> **Work task**
Starting at the line below with "Room Saintbury Road in Glenfield" and stopping at the line with "BAIC Off-Road BJ20", please print each line exactly, those two included, and skip every picture.

> **Study material**
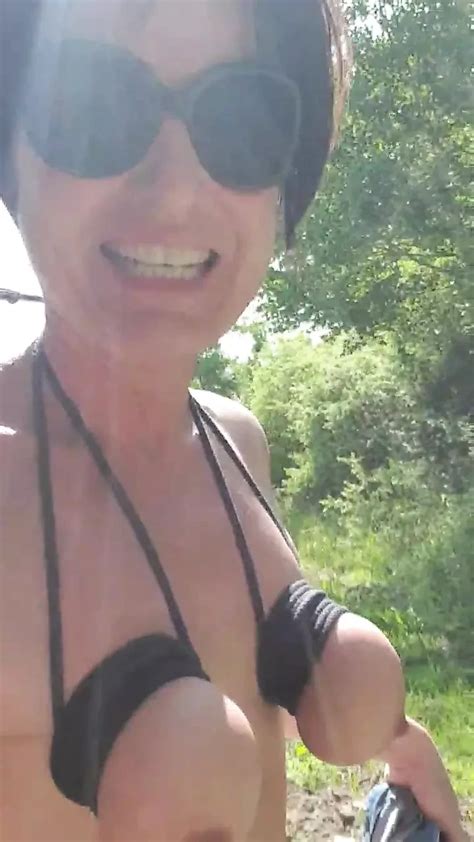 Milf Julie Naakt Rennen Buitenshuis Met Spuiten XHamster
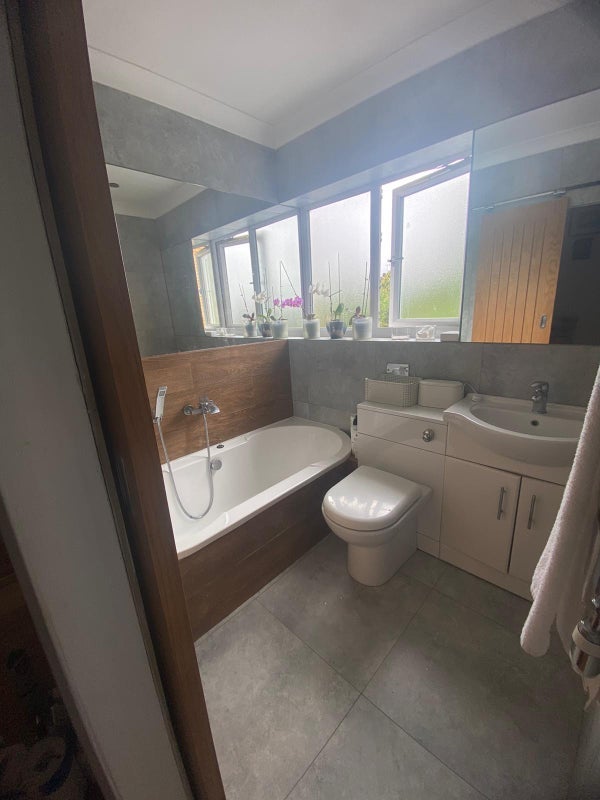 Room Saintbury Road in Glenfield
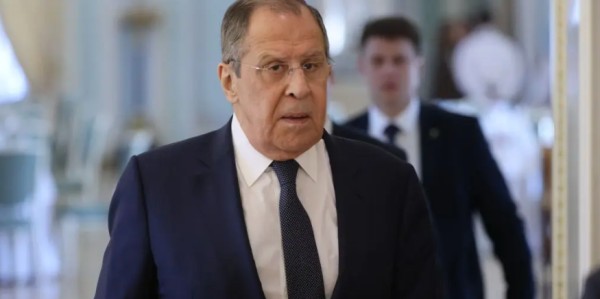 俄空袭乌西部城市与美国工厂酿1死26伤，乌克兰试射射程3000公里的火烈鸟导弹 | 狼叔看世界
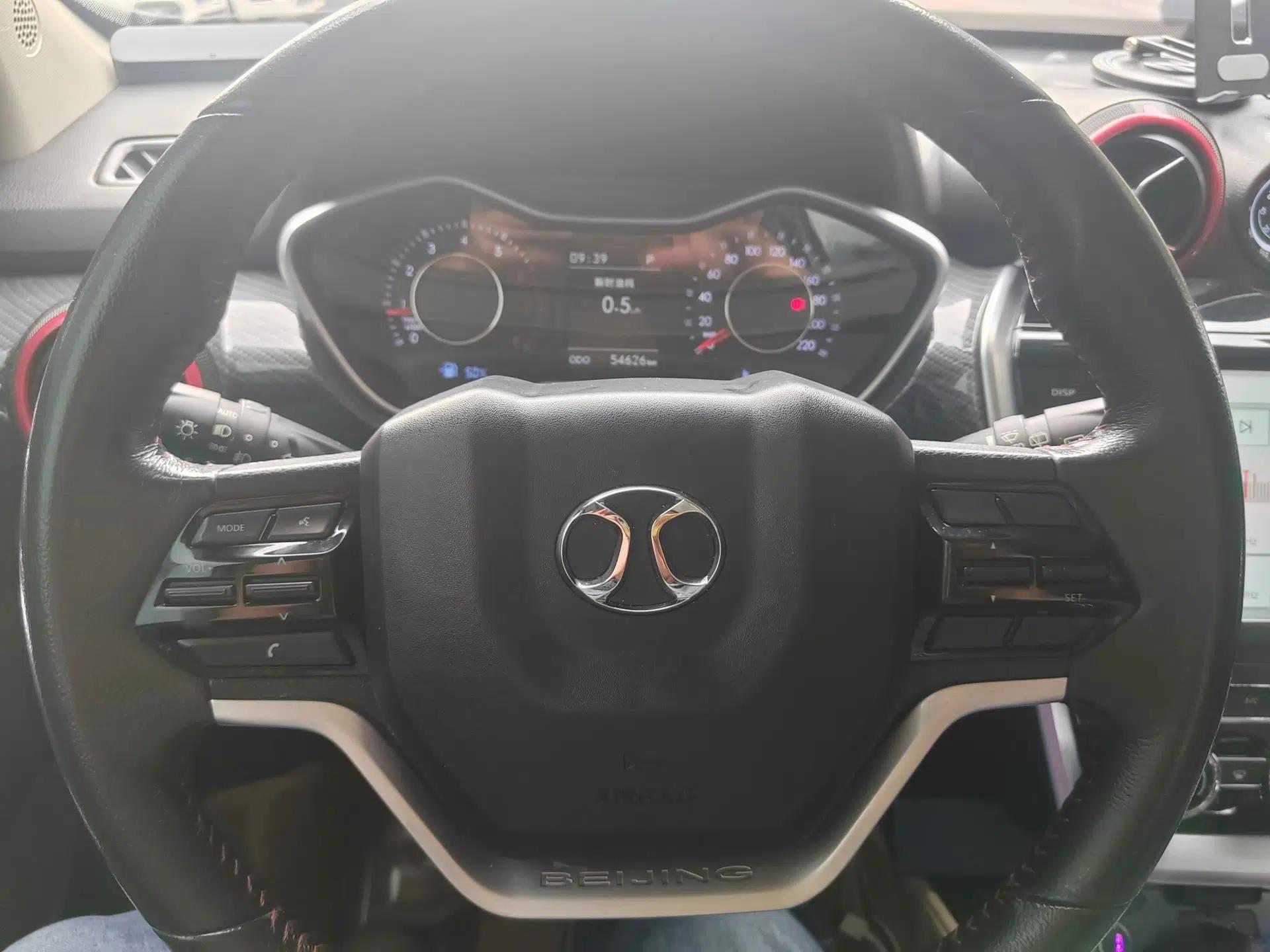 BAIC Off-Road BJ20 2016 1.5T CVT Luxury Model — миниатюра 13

...

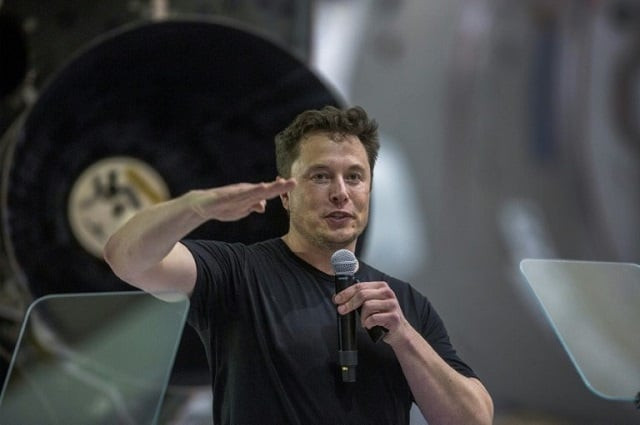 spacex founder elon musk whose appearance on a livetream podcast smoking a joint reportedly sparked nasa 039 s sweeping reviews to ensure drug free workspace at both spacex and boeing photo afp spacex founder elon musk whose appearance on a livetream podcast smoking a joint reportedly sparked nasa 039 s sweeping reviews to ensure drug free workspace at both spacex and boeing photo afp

> **Answer below**
 Room Saintbury Road in Glenfield
 俄空袭乌西部城市与美国工厂酿1死26伤，乌克兰试射射程3000公里的火烈鸟导弹 | 狼叔看世界
 BAIC Off-Road BJ20 2016 1.5T CVT Luxury Model — миниатюра 13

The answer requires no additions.